### [Goal of the exercise]
Pictures are to be left out, and only the lines below starting at the one with "deFouliao Sage Green" and ending at the one with "Ensembles de patio" are to be reproduced, each exactly, both ends included.

### [Record set]
'''

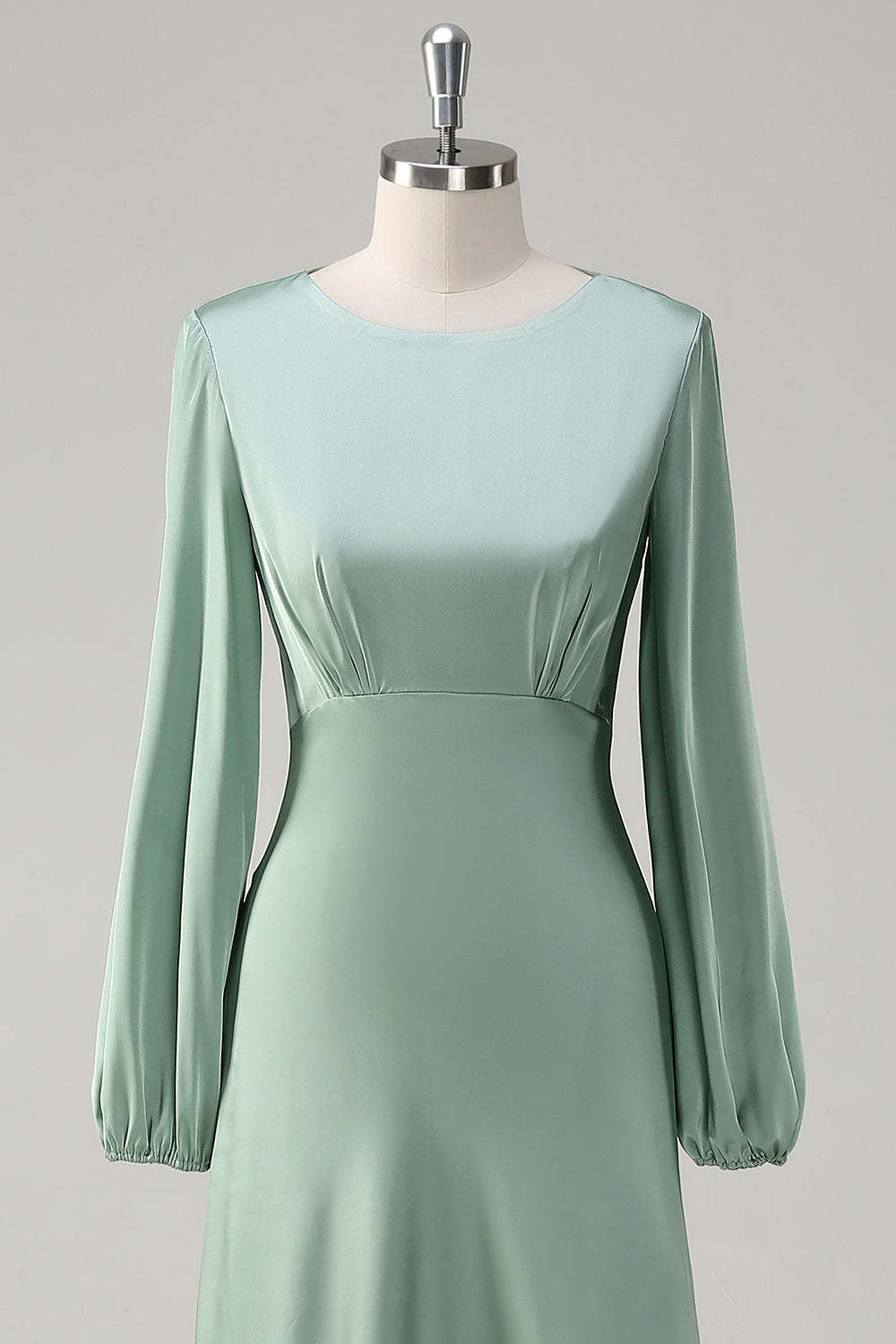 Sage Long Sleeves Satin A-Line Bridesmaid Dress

'''
'''

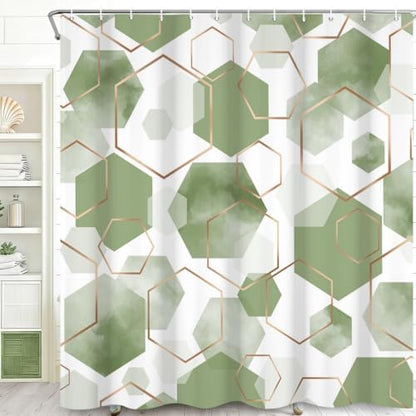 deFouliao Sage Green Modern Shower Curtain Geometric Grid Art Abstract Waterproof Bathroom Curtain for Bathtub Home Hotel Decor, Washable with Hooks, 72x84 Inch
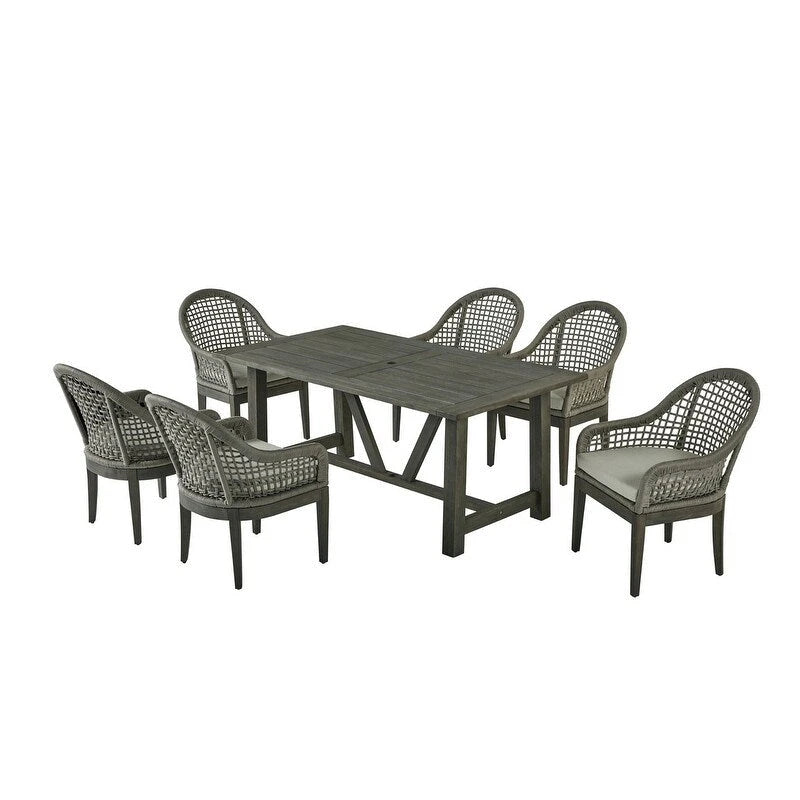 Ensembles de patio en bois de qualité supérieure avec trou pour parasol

'''
'''

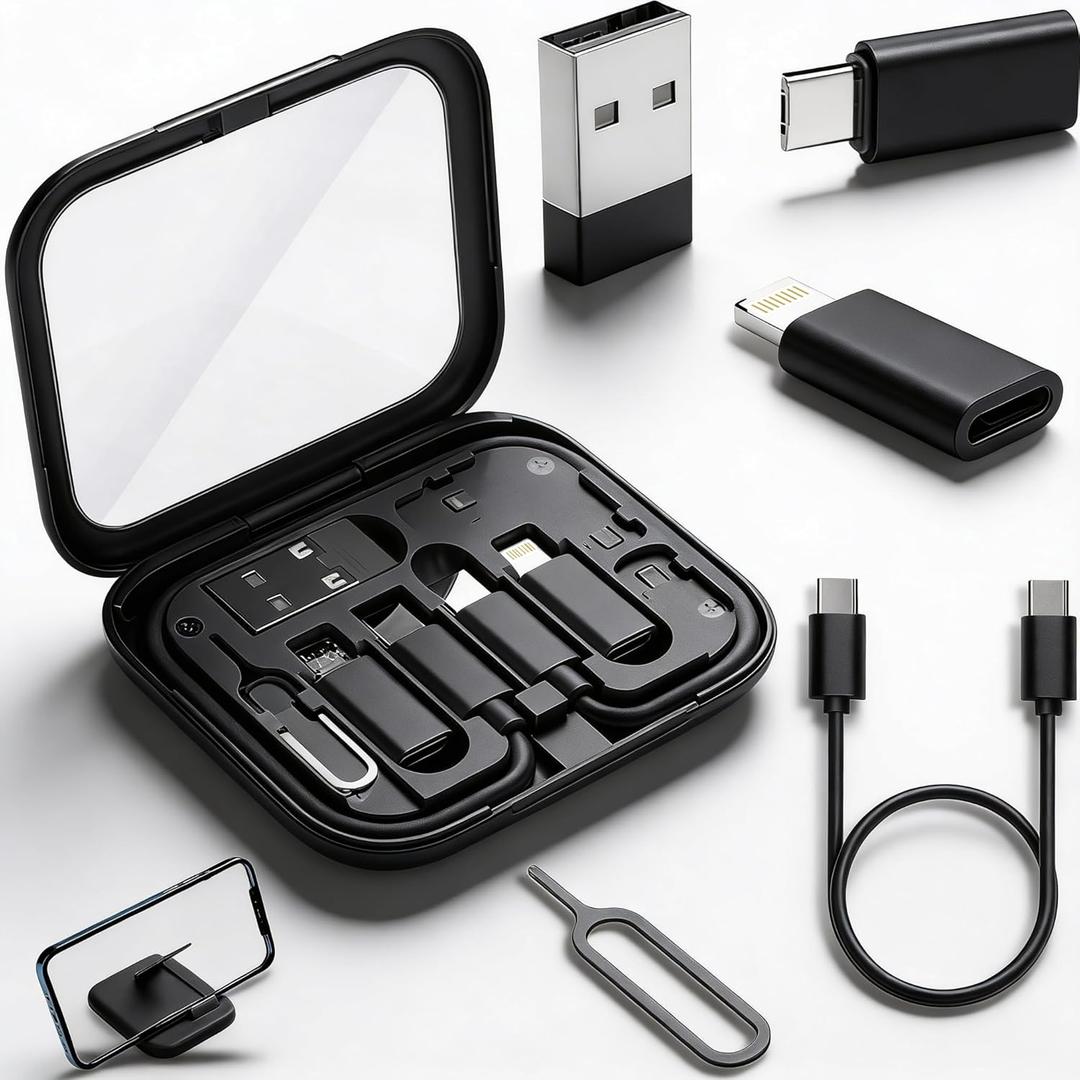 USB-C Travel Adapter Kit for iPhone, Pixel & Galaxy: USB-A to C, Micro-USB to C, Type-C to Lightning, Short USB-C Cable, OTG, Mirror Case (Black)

'''

### [Output]
 deFouliao Sage Green Modern Shower Curtain Geometric Grid Art Abstract Waterproof Bathroom Curtain for Bathtub Home Hotel Decor, Washable with Hooks, 72x84 Inch
 Ensembles de patio en bois de qualité supérieure avec trou pour parasol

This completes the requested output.